Svetlana Savić (1971, Belgrade) is an assistant professor (docent) at the Composition Department of the Faculty of Music in Belgrade. She has collaborated with renowned Serbian and foreign performers, ensembles, and orchestras. Her major works include Sirota tužna Don Huanova kći (The Poor Sad Don Juan’s Daughter) for soloists, women’s choir, and electronics, Quincunx and Trans-verzije (Trans-versions) for string orchestra, Sustineo and Ekstraverzije (Extraversions) for symphonic orchestra, Pesme o zvezdama (Songs about the Stars) for women’s choir and chamber orchestra, Re-verzije (Re-versions) for chamber ensembles, D-versions and Versions fugitives for electronics, Il tempo sensibile and Tempo mobile for clarinet, violin, and piano, Zarobljena (In Captivity) for women’s choir and electronics, and Soneti (Sonnets) for female vocals, violoncello, piano, and electronics. Her piece Zarobljena won the 2014 Mokranjac Award.

The work Tempo mobile was inspired by Movement, pulse, ticking, and time. It emerged out of the five tone rows I devised for the second movement of my work Il Tempo mobile, ‘San’ (Dream). Each row comprised five notes, which, when stacked up vertically, formed a chord. Whilst playing them, I could see colours. The first chord (F, G flat, A, B, C) was red, the second (E, G, A flat, B flat, C flat) was purple, the third (F sharp, A, B, C, D flat) blue, the fourth (G sharp, A sharp, B, C, D) green, and the fifth (A, C, C sharp, D sharp, E) yellow. I combined monochromatic rows and chords… sometimes I mixed them… both horizontally and vertically.

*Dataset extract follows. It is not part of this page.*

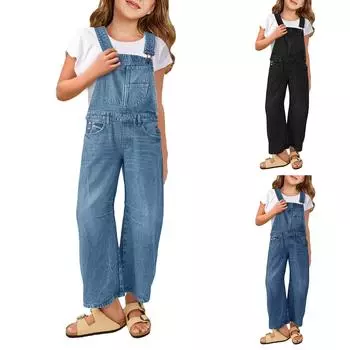 Мальчики Девочки Детский Свободный Повседневный Модный Удобный Комбинезон Комбинезоны/Брюки 100 чёрный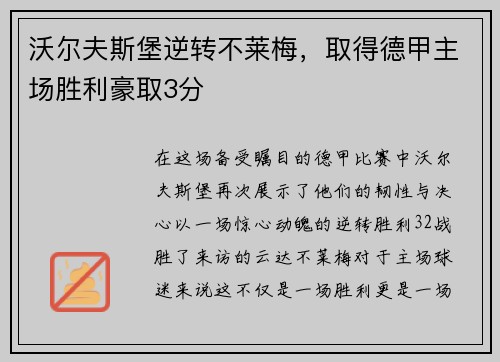 沃尔夫斯堡逆转不莱梅，取得德甲主场胜利豪取3分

In addition to the magical number five, the number three (trio; three movements) is also active in this piece. The outer movements are mobile, vibrant, at times similar to music boxes. The second movement slips into allusions to Albinoni’s Adaggio – grieving for lost time, joy, and colours.

Tempo mobile is dedicated to my dear friends Madlen, Maja, and Miloš and their wonderful Movement for the Affirmation of New Serbian Music.